すべての父親、母親は、良い子供を持つことを願っています。しかし、経験のある親たちがみな、服して認めることは、子供が良いか悪いかは、父母によるのではなく、神の主権にあるということです。人がもし、良い子供を持ったなら、必ず神を礼拝しなければなりません。もし良くない子供を持ったなら、さらに神を礼拝しなければなりません。なぜなら、わたしたちの得る益はさらに多くなるからです。わたしたちは、長男が博士号を得ることを願い、次男が医者となり、三男が市長となることを願うでしょう。そしてわたしたちは言います、「これらのことが神の祝福ではないのでしょうか?」。しかし実際は、わたしたちの長男の知力は低く、次男は足が不自由で、三男は反抗的です。どの子供も良くありません。わたしたちがどのように信じ、どのような環境や状況の中にあろうが、すべては神の主権の下にあり、神がわたしたちにおいて彼のあわれみを現され、そして多くの恵みをわたしたちに与えられます。

わたしたちは神の主権が勝利することを認めなければなりません。多くの人はみな喜びのある召会生活を望みますが、神だけがわたしたちの生活が喜びのあるものかどうかを知っておられます。そして、わたしたちは、神の主権が、彼の慈しみ、恵み、平安と安定をわたしたちにもたらします。わたしたちは、是非や状況分析にしたがうのではなく、主権を持たれる神にしたがうことを学ぶ必要があります。ヨハネによる福音書第九章での問題と、第四章、第八章での問題は同じです。正しいか正しくないかの問題であり、知識に属し、その結果は死です。しかし主の回答は、わたしたちを彼ご自身、その結果は命である命の木へと導かれます。

命の復活は死の絶望と相対する
ヨハネによる福音書第十一章は、普通のことではなく、意義深い、ラザロの事例です。ラザロが重い病気になったとき、彼の二人の姉妹のマルタとマリアは、主イエスに使いを送り、このことを知らせました。イエスは通常は、知らせを受けたなら、すぐに行って病人を顧みましたが、今回、彼はそのようには行なわず、反対に彼の訪問を意図して二日間遅らせました。弟子たちが失望してしまったときに、主はラザロのところへと行かれました。

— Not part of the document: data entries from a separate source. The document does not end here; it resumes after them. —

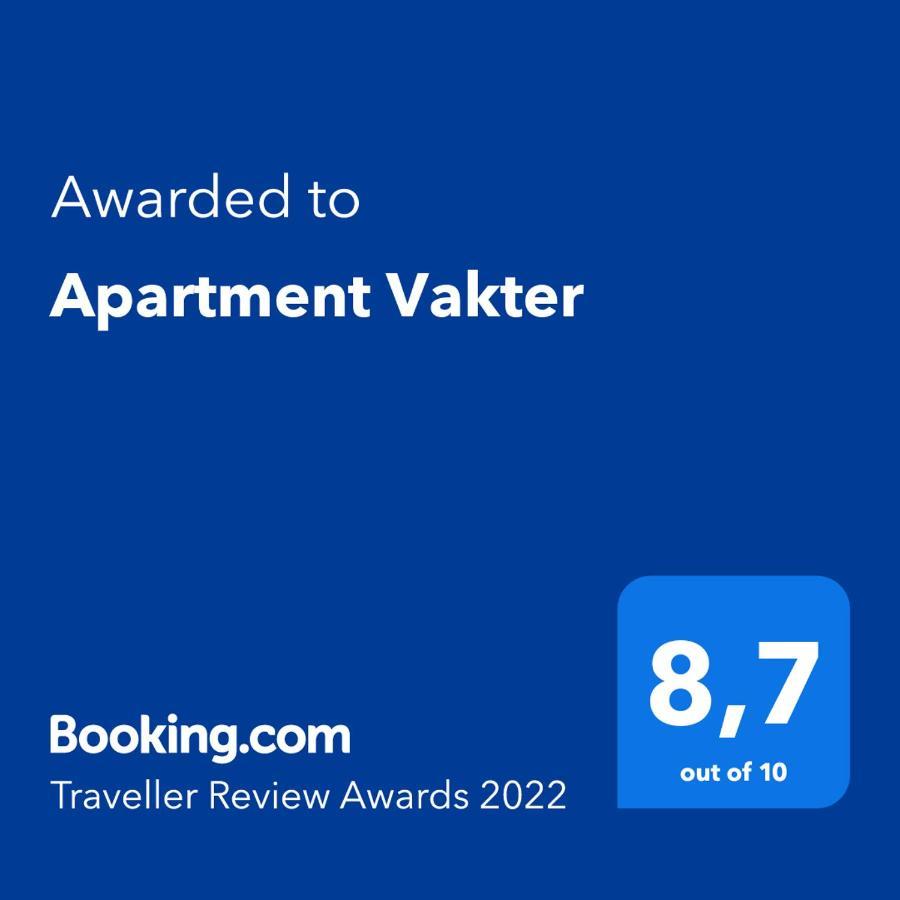Apartment Vakter Split Eksteriør billede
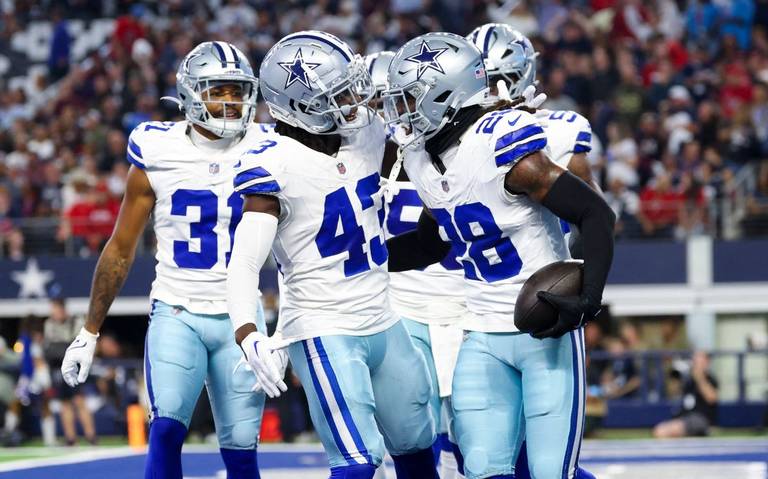  Cowboys vendría a México como local en el Estadio Azteca en 2026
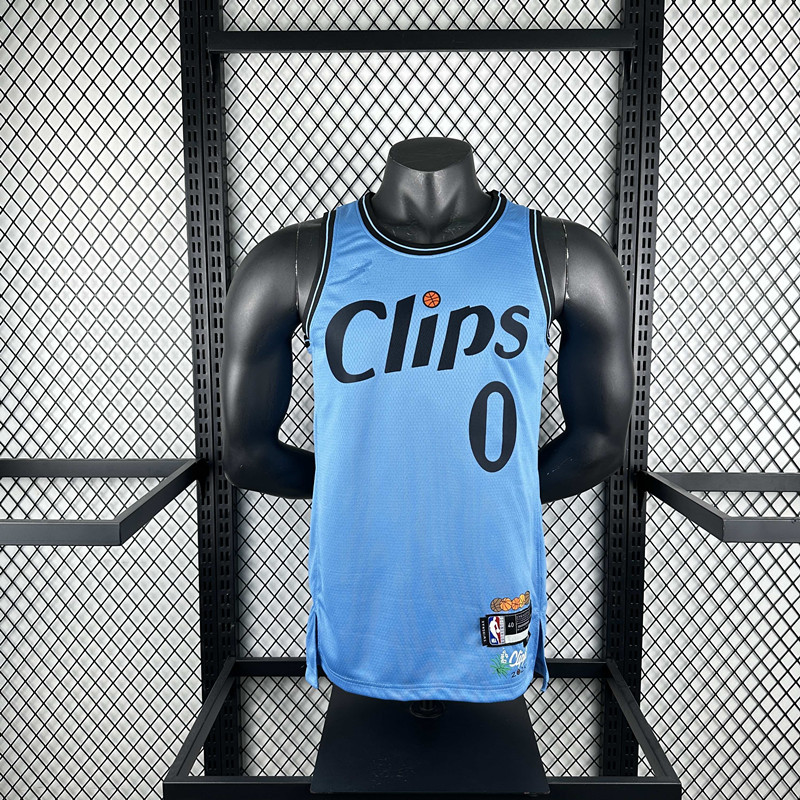 NBA Memphis Grizzlies 0#WESTBROOK
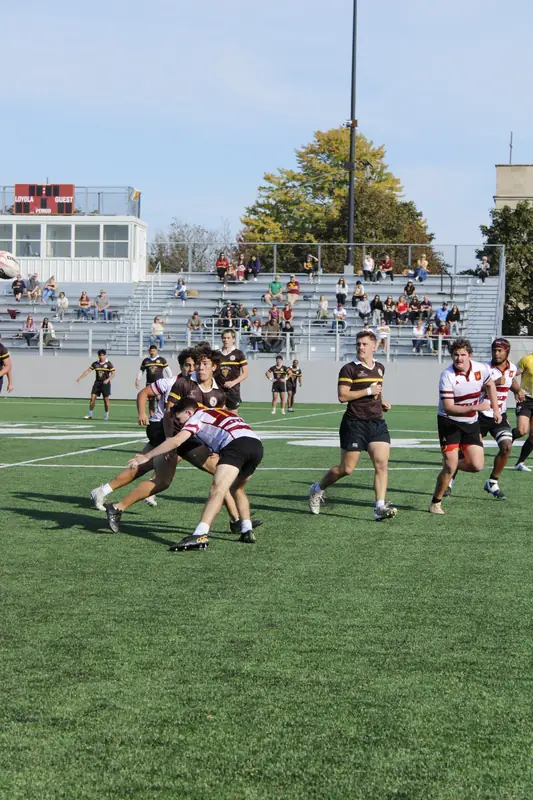 Loyola against UW Milwaukee in 2026, by Alex Franecke, photo 110
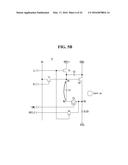 COMPENSATION OF THRESHOLD VOLTAGE IN DRIVING TRANSISTOR OF ORGANIC LIGHT     EMITTING DIODE DISPLAY DEVICE diagram and image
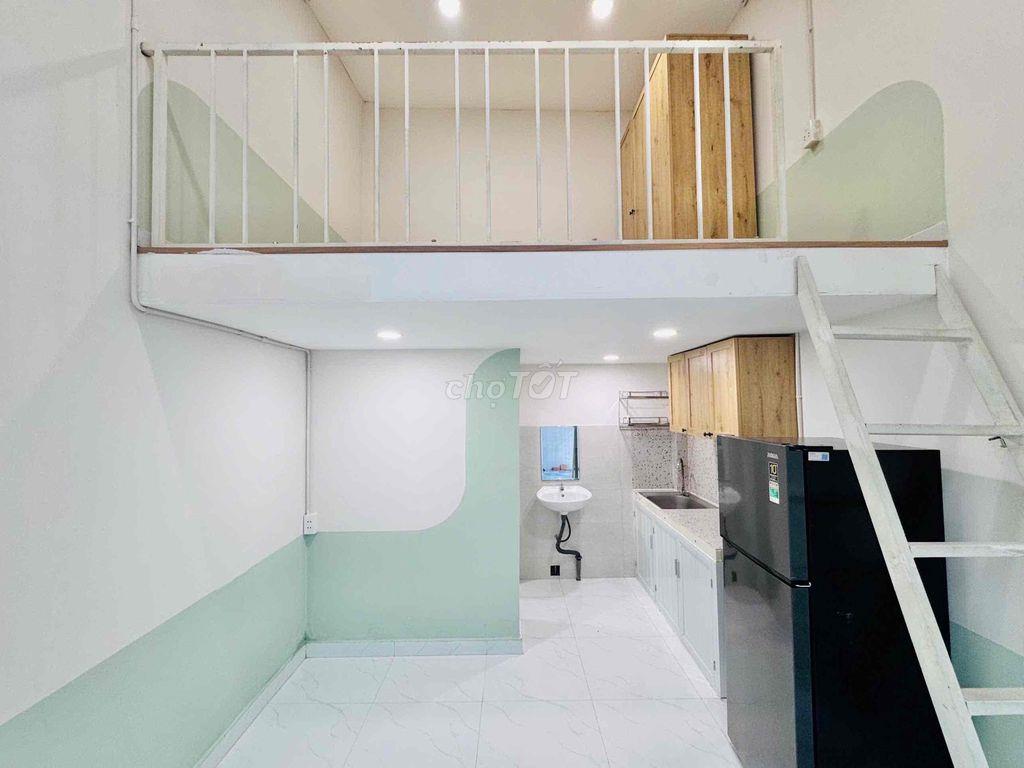 DÃY TRỌ MỚI XÂY CỰC ĐẸP SẴN NỘI THẤT CƠ BẢN NGAY ĐẠI HỌC CÔNG THƯƠNG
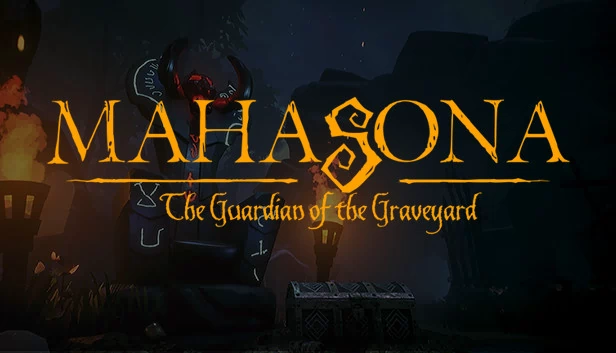 玛哈索纳（Mahasona） 游戏封面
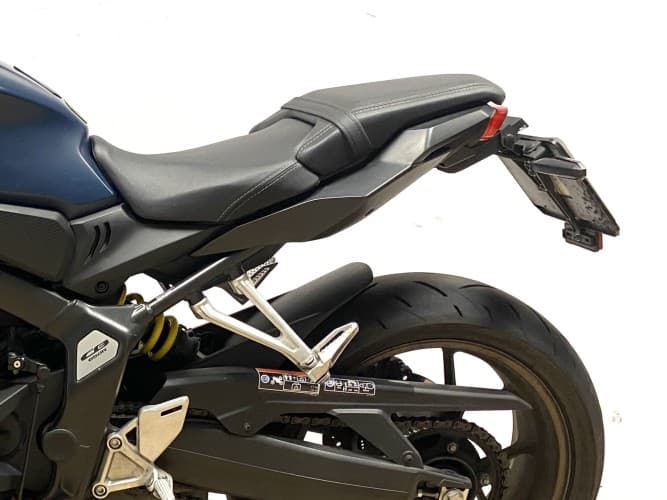 Comprar HONDA CB 650 R (A) 2021 de segunda mano HONDA CB 650 R (A) 2021 de segunda mano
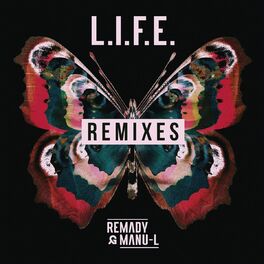 Album cover of L.I.F.E. (Remixes)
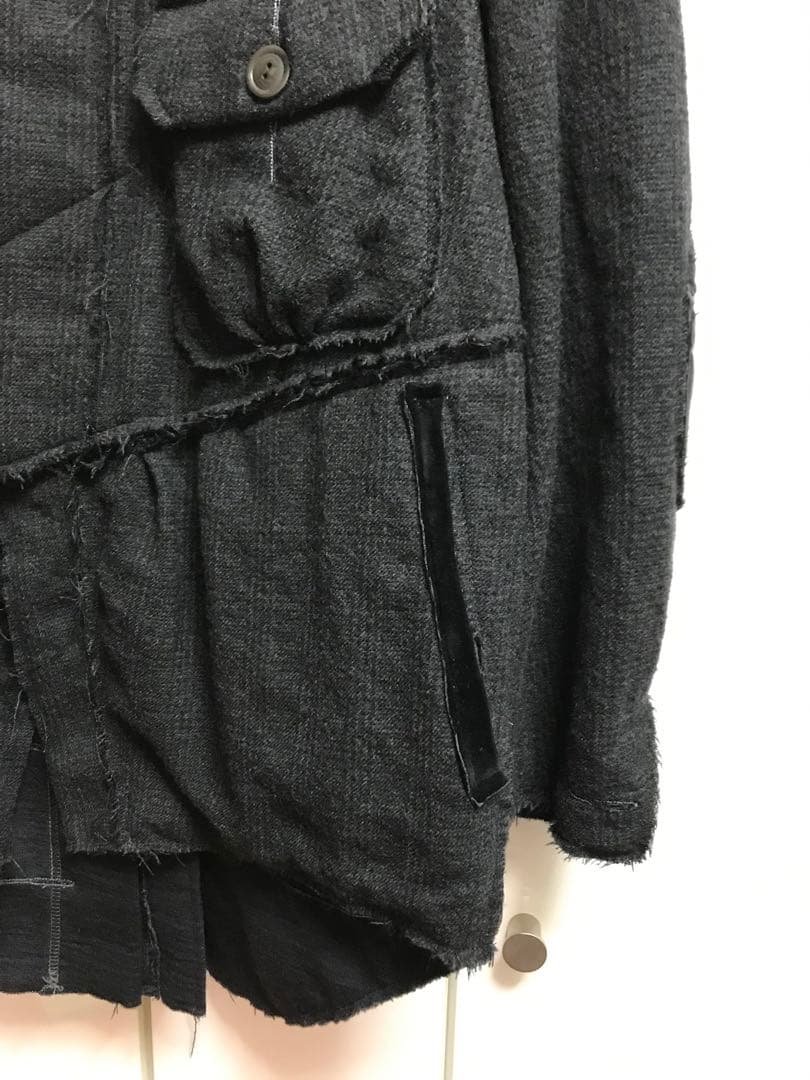 最終値下げ！ ソロイスト CPOジャケット soloist 宮下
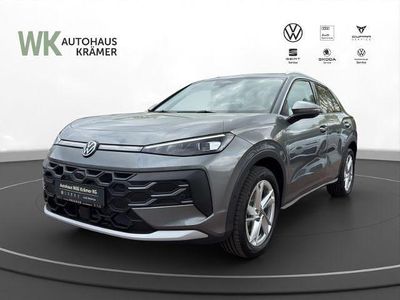 Nowe VW T-Roc Style 150 KM (110 kW) 2026 Szary SUV
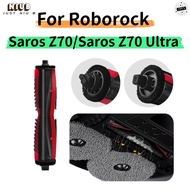 Original Tricut Brush For Roborock Saros Z70/Saros Z70 Ultra Vacuum Cleaner Main Roller Brush
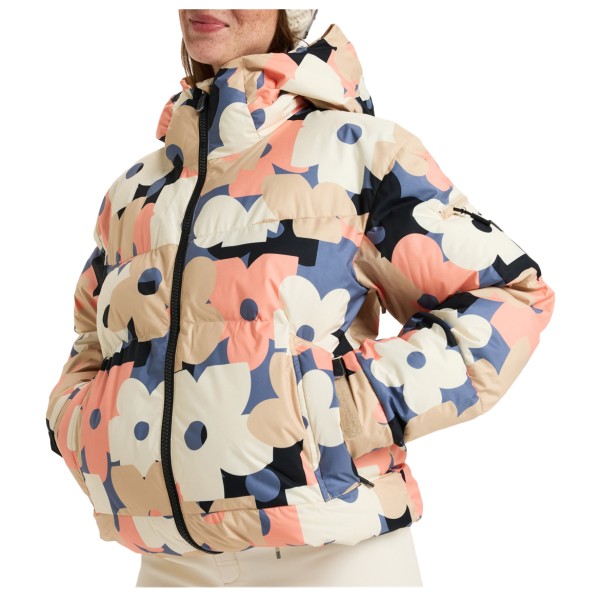 Roxy - Women's Aloftedpuffy - Skijacke Gr XL beige von Roxy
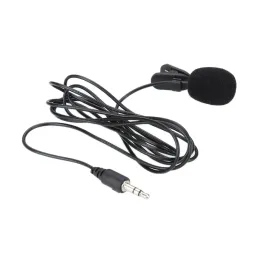 2020 حديثًا Lavalier MIC Jack Clip Microphones Microphones Smart Hone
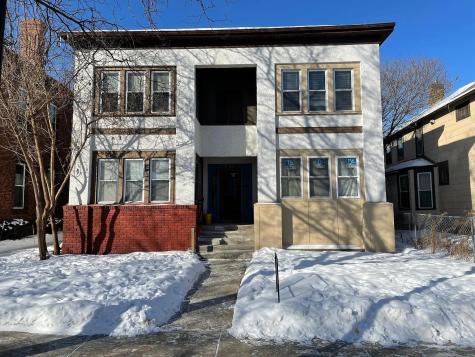 2720 Dupont Avenue S Minneapolis MN 55408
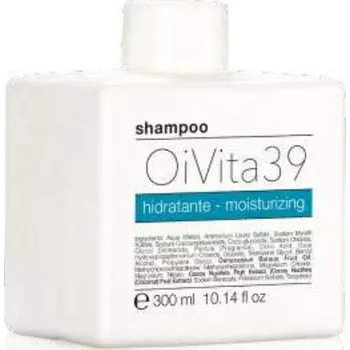 Šampon OiVita39 Hydrating-Moistruizing Shampoo - hydratační šampon šampon 300 ml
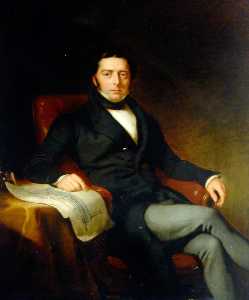 罗伯特· 斯蒂芬森  1803–1859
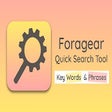 Foragear- Quick Search Tool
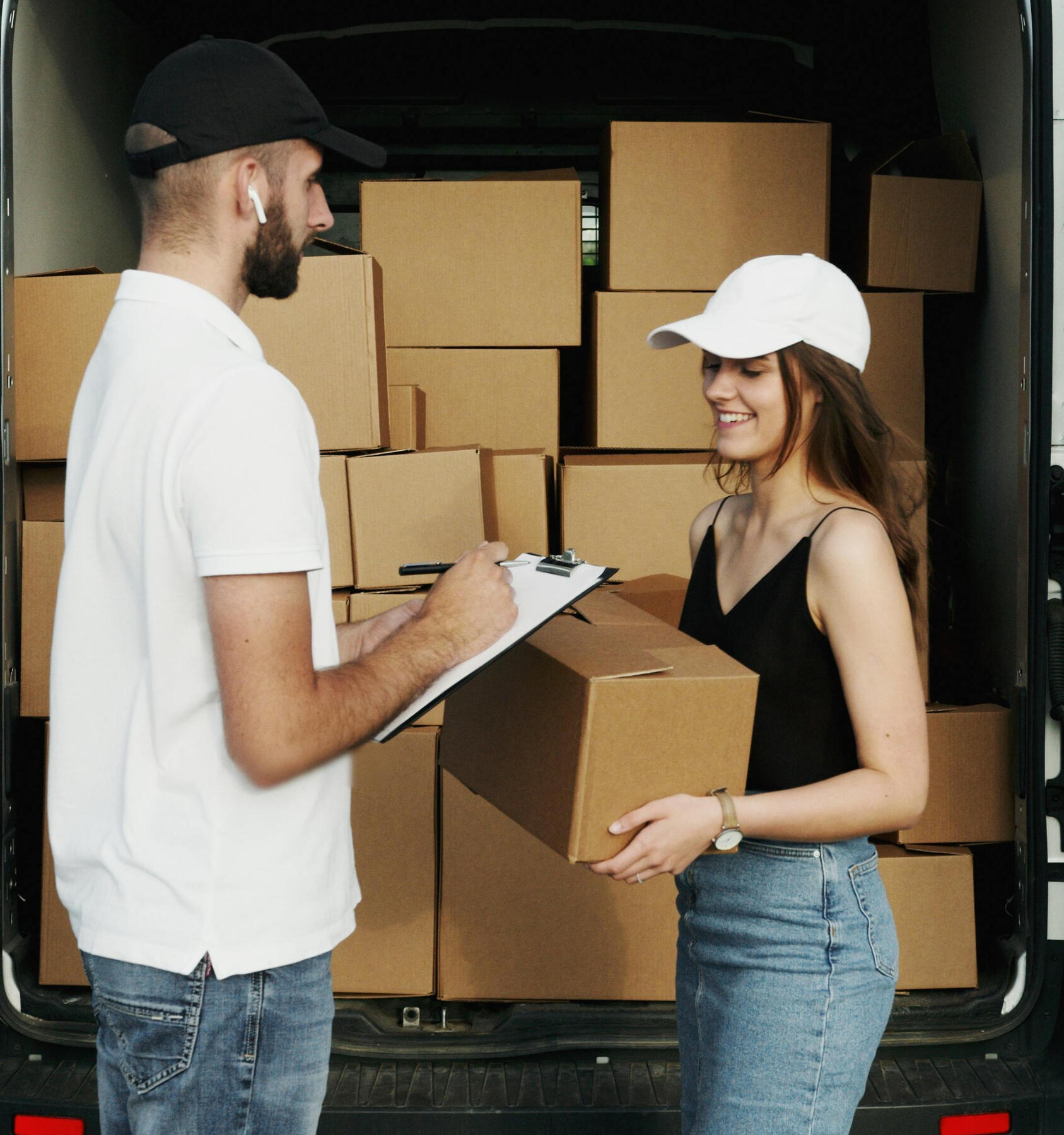 Express Delivery Fast priority delivery for urgent parcels and time-sensitive shipments.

イエスがベタニヤに着かれたとき、ラザロは墓の中にいてすでに四日たっていて、マルタは責めるようにして主に言いました、「主よ、あなたがもしここにいてくださったなら、わたしの兄弟は死ななかったでしょう」(二一節)。イエスは彼女に言われました、「わたしは復活であり、命である.わたしの中へと信じる者は、たとえ死んでも生きる」(二五節)。主のこの言葉は、彼が遅れて来ようが、時間通りに来ようがそれらは重要なことではないことを示しています。なぜなら復活は時間におけるものではないからです。主が意図して遅れて来られたのは、マルタに一つの事を見せるためでした。それは時間が重要なのではなく、ただ彼の臨在があるなら、ラザロは必ず復活するということでした。しかし、マルタは答えました、「終わりの日の復活の時に、彼が復活することは知っております」(二四節)。彼女は古い神学の知識によって、復活するのはある終わりの日であると限定しました。主は答えて言われました、「生きていてわたしの中へと信じる者はすべて、決して永遠に死ぬことはない。あなたはこれを信じるか?」(二六節)。マルタは言いました、「はい、主よ.あなたが世に来られるキリスト、神の子であると信じております」(二七節)。彼女の回答は、主の問われたことではありませんでした。彼女の回答は、宗教、神学の観念にしたがったものであって、主の復活の啓示を覆い隠し、主の現在の復活の命を人が享受することを妨げるものでした。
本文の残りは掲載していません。